Information provided:
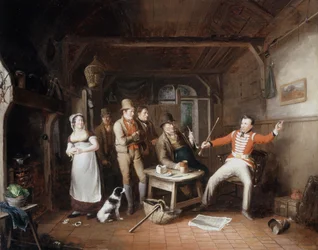 Un soldat racontant ses exploits dans une taverne, 1821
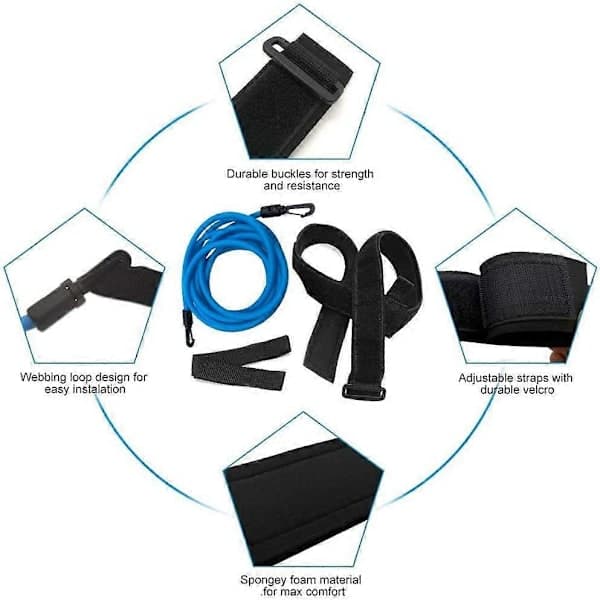 Svømmebånd til svømmetræning, holdbart, modstandsdygtigt, elastisk til swimmingpool og have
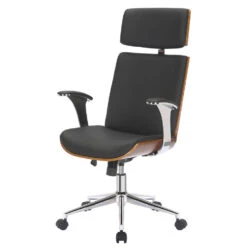 Clp Bureaustoel Lester Kunstleder Zwart -Huishoudelijke Voorwerpen Winkel 1000059668 0103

What you will do: Give back the listing exactly, with the pictures removed.

Expected output:
 Un soldat racontant ses exploits dans une taverne, 1821
 Svømmebånd til svømmetræning, holdbart, modstandsdygtigt, elastisk til swimmingpool og have
 Clp Bureaustoel Lester Kunstleder Zwart -Huishoudelijke Voorwerpen Winkel 1000059668 0103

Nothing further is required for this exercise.